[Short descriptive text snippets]
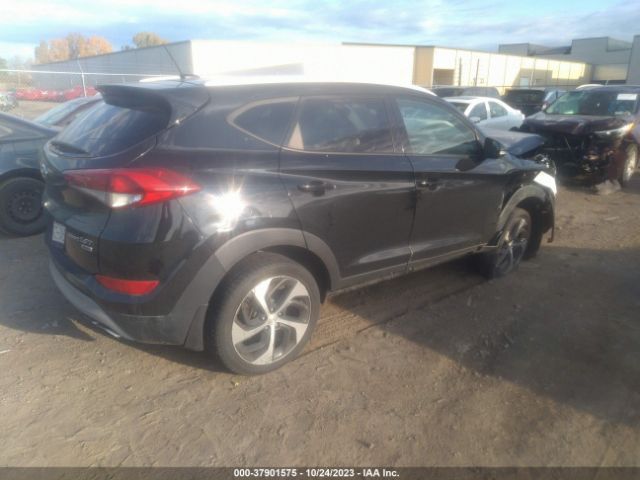 KM8J3CA27HU297023 Hyundai Tucson Sport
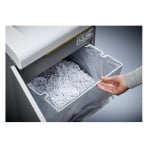 Dahle 410L PLUS P-4 26 Sheets 4 x 40 mm Heavy Duty Cross Cut Shredder Dahle 410L PLUS P-4 26 Sheets 4 x 40 mm Heavy Duty Cross Cut Shredder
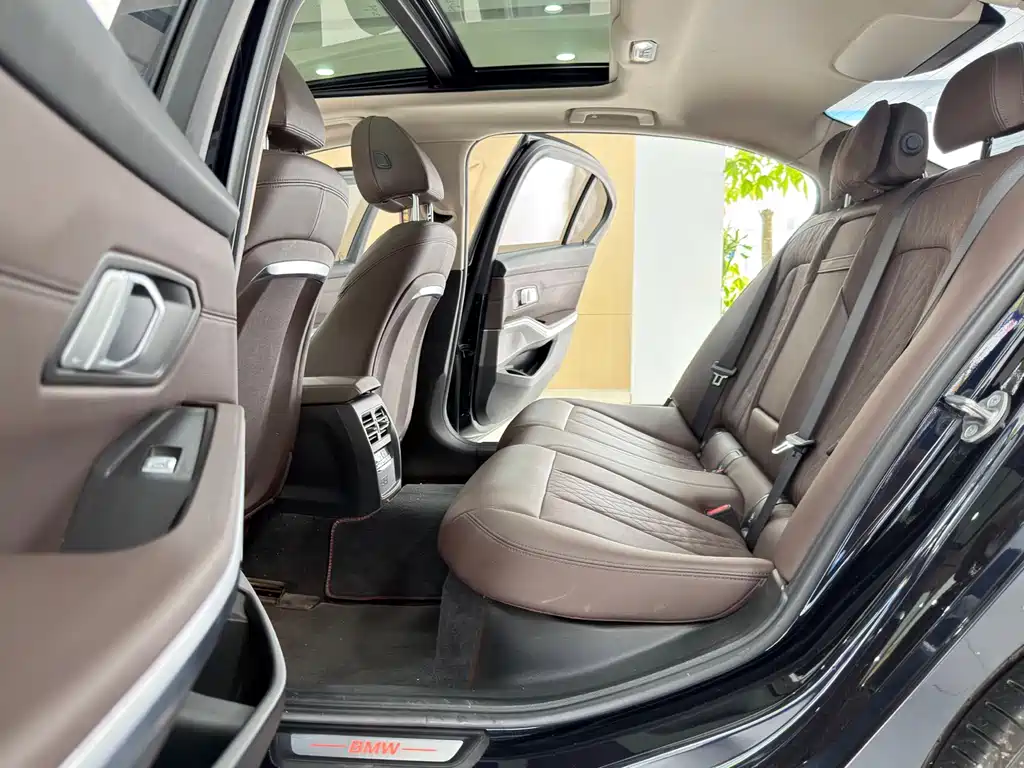 BMW i3 2022 — фото 11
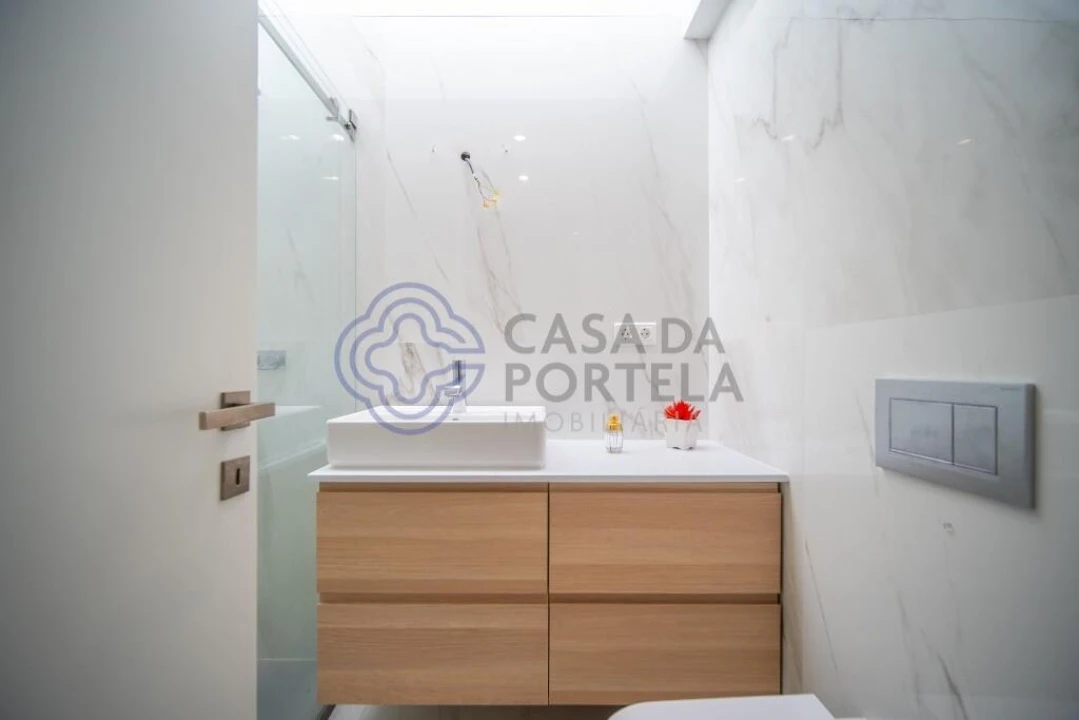 Moradia T3 para Venda em Nogueira e Silva Escura Foto 40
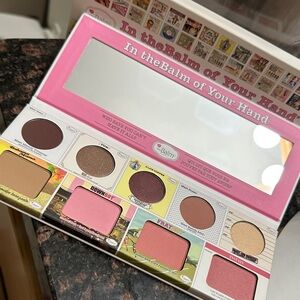 theBalm Multi-Shade Eyeshadow Palette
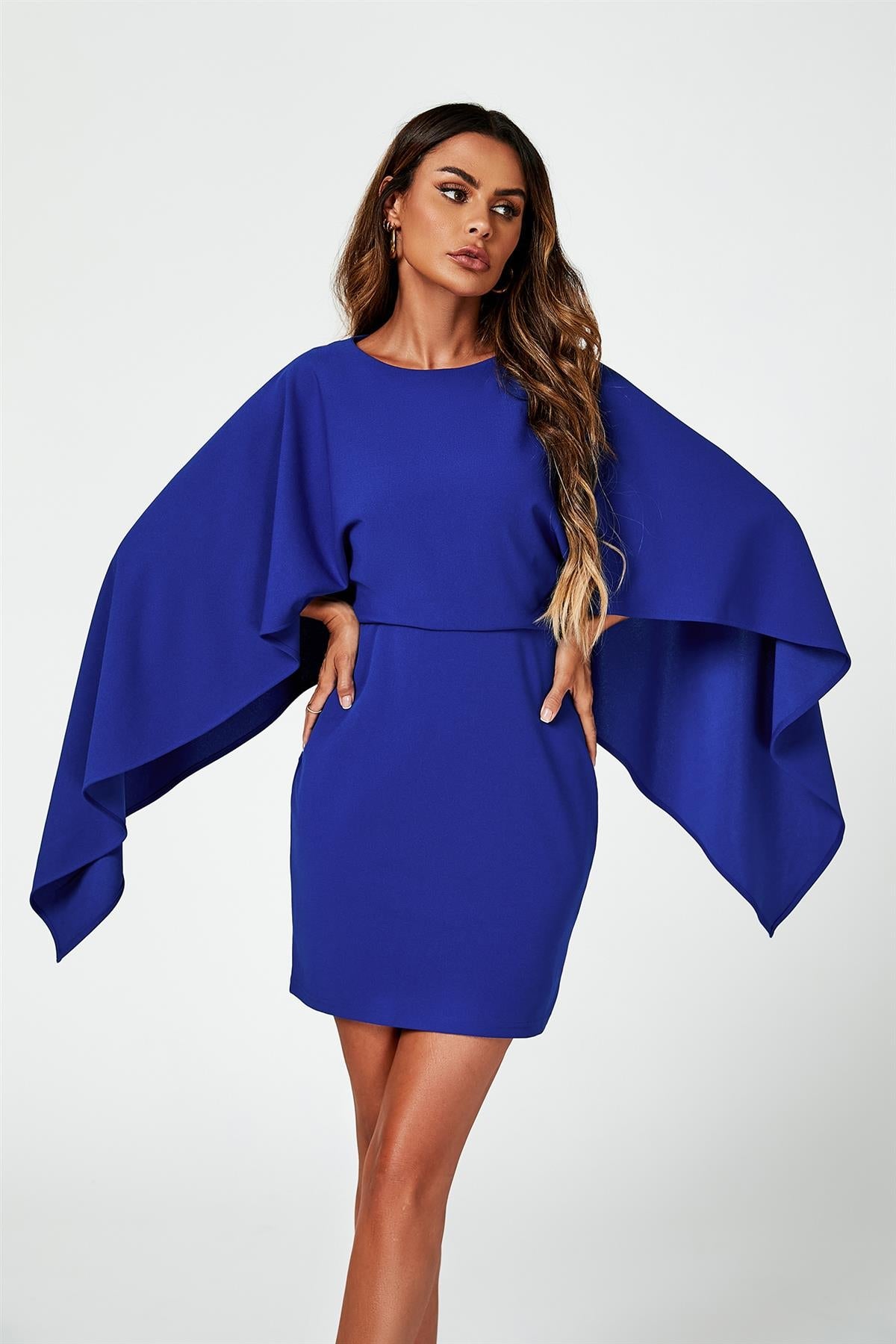 Saphir Cape Minikleid mit Rückenausschnitt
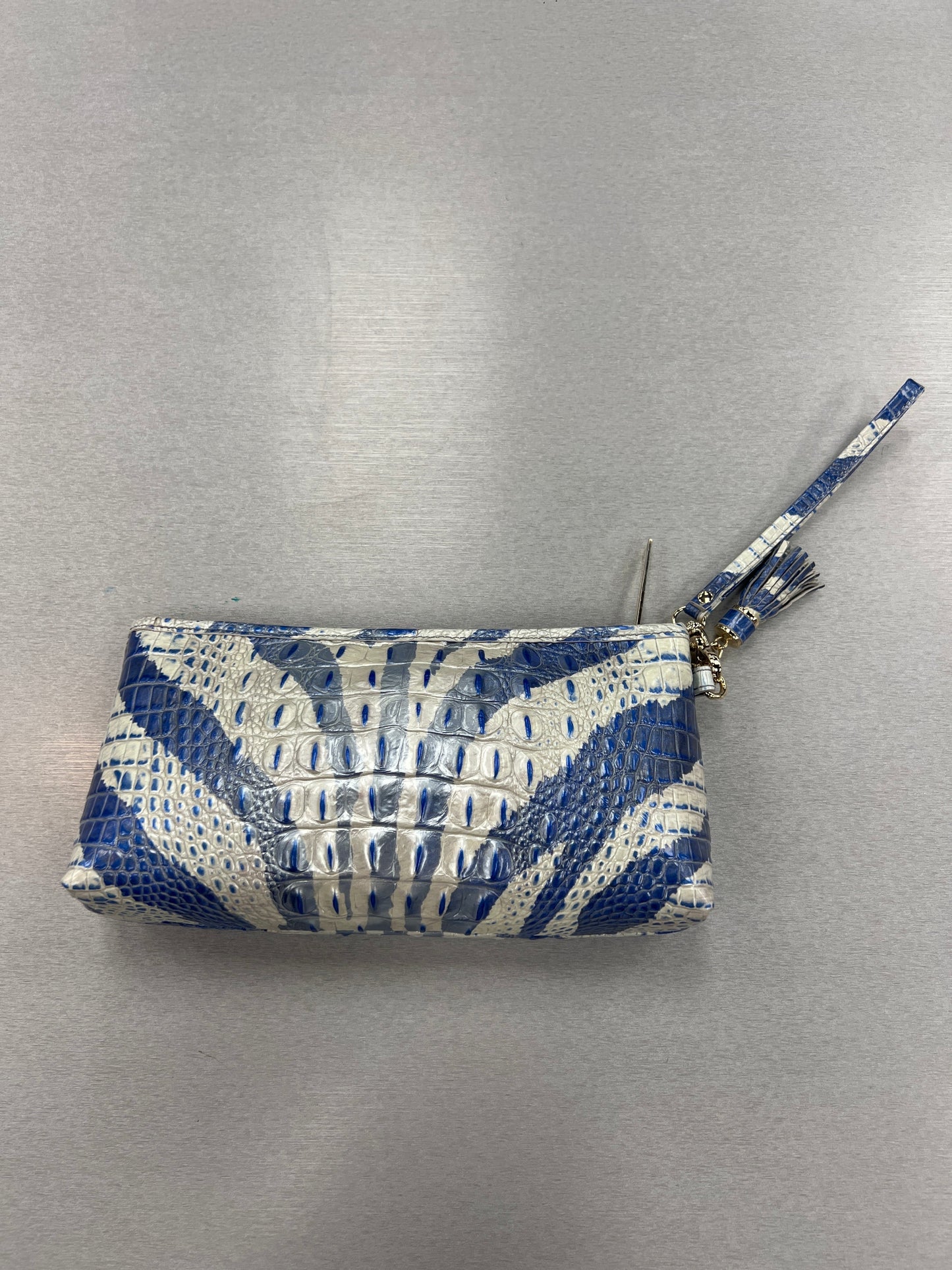 Wristlet Designer By Brahmin  Size: Large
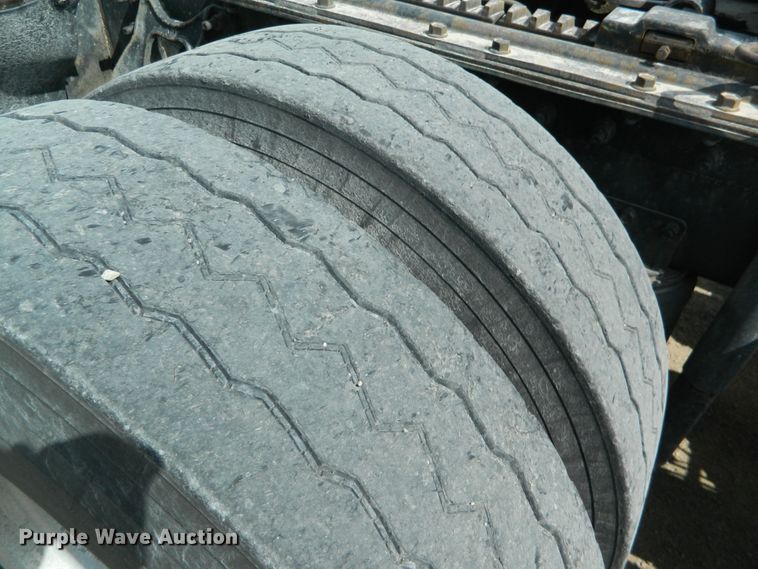 image for item DE4461 1998 International 9200  semi truck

◆ ABOUT THIS TASK ◆
Copy every entry word for word, but omit the pictures.

◆ TASK RESPONSE ◆
 KM8J3CA27HU297023 Hyundai Tucson Sport
 Dahle 410L PLUS P-4 26 Sheets 4 x 40 mm Heavy Duty Cross Cut Shredder Dahle 410L PLUS P-4 26 Sheets 4 x 40 mm Heavy Duty Cross Cut Shredder
 BMW i3 2022 — фото 11
 Moradia T3 para Venda em Nogueira e Silva Escura Foto 40
 theBalm Multi-Shade Eyeshadow Palette
 Saphir Cape Minikleid mit Rückenausschnitt
 Wristlet Designer By Brahmin  Size: Large
 image for item DE4461 1998 International 9200  semi truck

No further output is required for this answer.